Among the changes the board made to satisfy a panel of judges at the state Office of Administrative Law:
– For the first time, the tasks of word processing, assembly and loading are specifically mentioned in connection with repetitive motion injuries.
Business opponents of the regulation contend that this legitimizes a causal factor that has not been scientifically proven.
– A previous requirement that injurious repetitive motion activity had to occur “at the workplace” has been eliminated. While the injury must still be predominantly work-related, there is no explicit requirement that the injury occur at the workplace.

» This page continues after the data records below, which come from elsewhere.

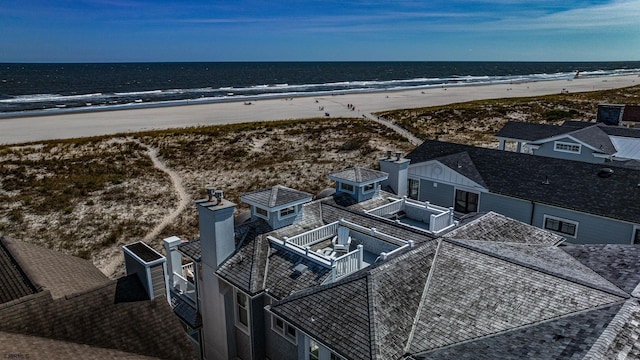 bird's eye view featuring a water view and a view of the beach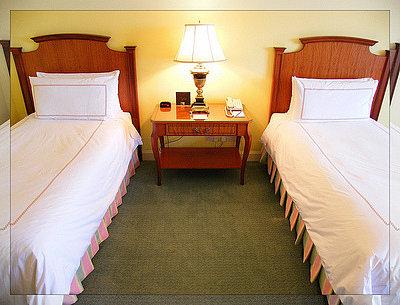 Two single beds separated in a bedroom
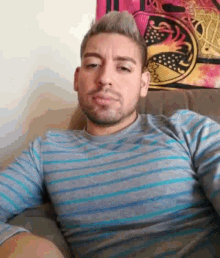 a man is sitting on a couch wearing a striped shirt and looking at the camera .
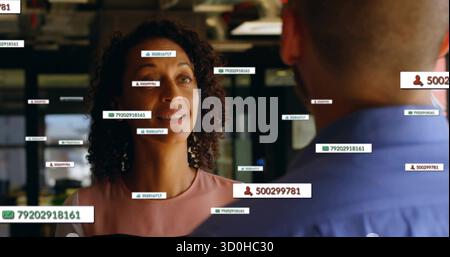 Curly-haired woman in pink blouse addressing man at office with floating data tags, copy space Stock Photo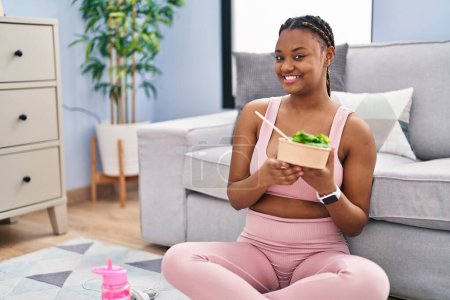 Photo for African american woman with braids eating salad after working out at home looking positive and happy standing and smiling with a confident smile showing teeth - Royalty Free Image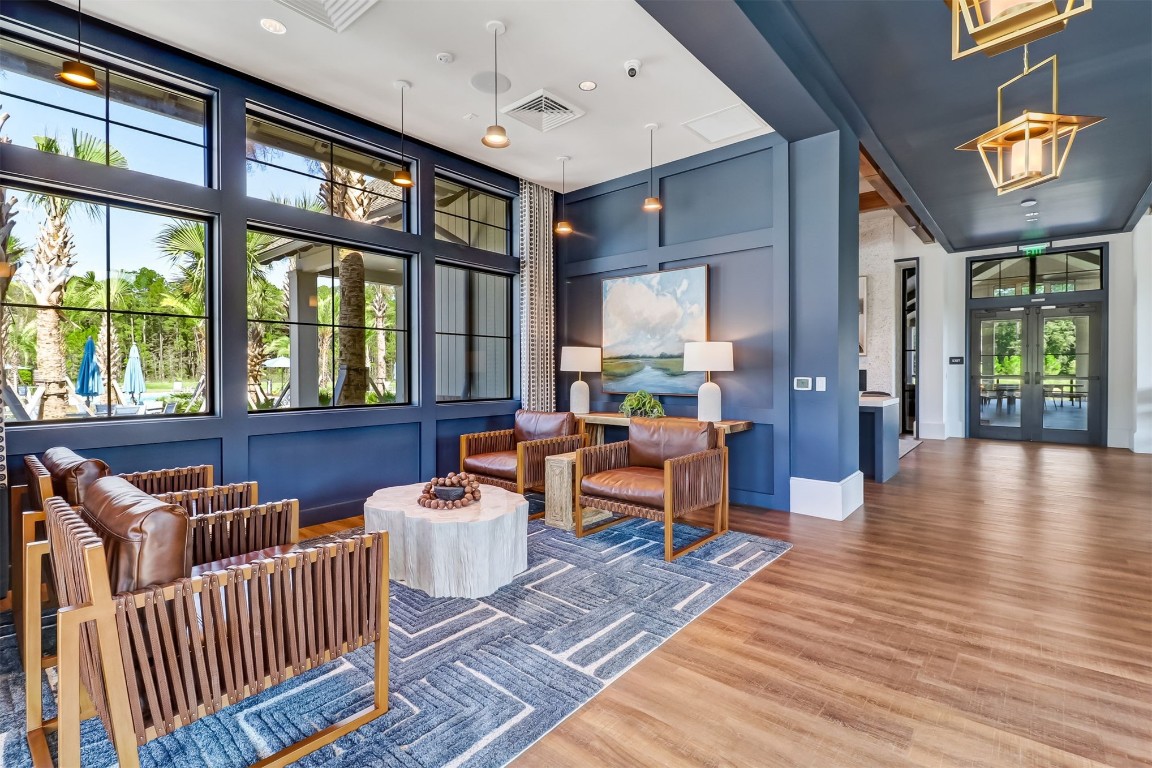 75968 Saffron Lane Yulee, FL 32097 - Photo 55 of 67 a living room with furniture and a floor to ceiling window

Opponents of the rule say this will allow for non-work-related injuries to trigger costly workplace remedies.
“The result of these changes is a regulation that forces a costly response from employers while failing to assure the prevention of a single injury,” said Shirley Knight, assistant state director of the National Federation of Independent Business.
Another business group, the California Trucking Association, has said it may file a lawsuit if any ergonomics regulation goes into effect.
Labor interests, on the other hand, dismiss the changes as insignificant and maintain the rule does not go nearly far enough in protecting the health of workers.
The original mandate for the ergonomics rule was a little-noticed insert in the massive 1993 workers’ compensation reforms.
After the Cal-OSHA Standards Board rejected an ergonomics proposal in 1994 as too harsh, labor interests went to state court and won an order forcing the board to implement the mandate by December of last year.
California is the only state that has an ergonomics mandate on the books; however, the federal government is currently considering a national ergonomics standard.
The NFIB, the California Chamber of Commerce, the California Manufacturers Association and other business groups have in the past backed legislation to repeal the mandate requiring an ergonomics rule.
Last year, a measure to repeal the mandate was carried by state Sen. Ross Johnson, R-Newport Beach; it passed the Republican-controlled state Assembly, but was killed in the Democrat-controlled state Senate.